I think we got lucky because an open source option became available with just
enough documentation for me to tweak it with the skills I learned by reading
books at the library and from links on Hacker News (we're publishing a travel
magazine in the Apple App Store and we used Baker and Laker, two great open
source frameworks. Check them out at <http://bakerframework.com/> and
<http://www.lakercompendium.com/>)

I think without these we would have been stuck and would have never gotten off
the ground. From a personal point of view, as an ideas guy who never really
thinks about execution, it was very difficult. I enjoy spending my time
thinking up ideas that will change the world and getting frustrated when I
realize I don't have the skills to implement them.

Working on our magazine was a change for me. It wasn't a grand idea, its not
going to change the world. People might love the stories, but its not the
"next big thing." And I have to say, I'm ok with that. If fact, more than ok,
its very satisfying to actually get something done, to have it in my hands and
be able to say its mine, rather than just one of my ideas floating in space.

It still took a lot of work, especially on the motivational side, but I
handled that by intentionally breaking it down to the smallest task I could.
That was also new for me, and I think, a key factor. Every day I got something
done, even if it was small, and then one day 8 months later, it was done.

If I had had a technical co-founder and more money would it have been easier?
Yeah. But I didn't.

By far the resources I used the most were Hacker News (for motivation and the
stuff I learned from articles), my local library (for books on coding and
soon, marketing) and the documentation of the code we worked on (and a bit of
help from the guys who built it, once again, check them out they're awesome).

------
sathishmanohar
I've have many ideas, Ranging from new Operating System designs to Clean
Energy to world changing web applications (they are ideas, So, probably many
of them may fail ). I don't have a technical education.

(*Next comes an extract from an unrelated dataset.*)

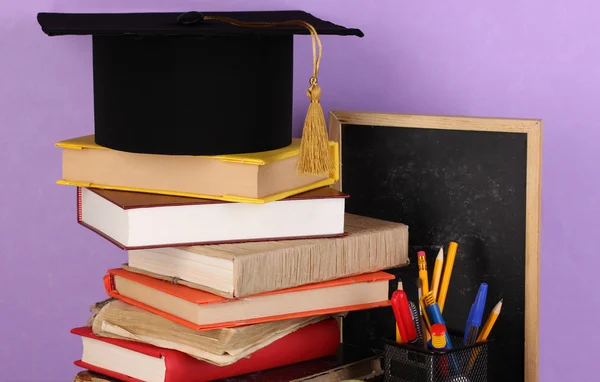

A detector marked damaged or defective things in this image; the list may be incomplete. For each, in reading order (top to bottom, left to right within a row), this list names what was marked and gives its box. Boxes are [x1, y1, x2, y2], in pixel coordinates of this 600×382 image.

When I started getting these ideas, I was very confused about what to do with
all of them. But, Now I have great clarity. I'm starting from the easiest to
approach.

I started doing web design for hire before 2 years. Meanwhile I taught myself,
Ruby, Rails and Jquery. Now, I'm building two of the web apps, I wanted to
build.

The biggest challenges I faced were that, there were no immediate technical
network for me, to go to. Since, I haven't worked anywhere, nor do I have
technical education. So, For every problem, I face, I had to google my way
around it, or go in IRCs, or forums. Its not all minus in a way, this self-
service style of education, has helped me in some ways.

Here in India, I don't even know where to start, to get funding. But, I think
I won't need it, Since, I value freedom for setting my own pace and control
over the products more than anything.

In short, Haven't launched a product yet. But, will launch one or two within
this month. I'm very happy looking forward for that day. (I'm also
procrastinating bcoz, of fear of being ridiculed). But, will take a deep
breath and hit enter on "cap deploy" soon.

PS: HN for the past 6 months played a very important role in shaping my
thoughts on products, validation, launch etc.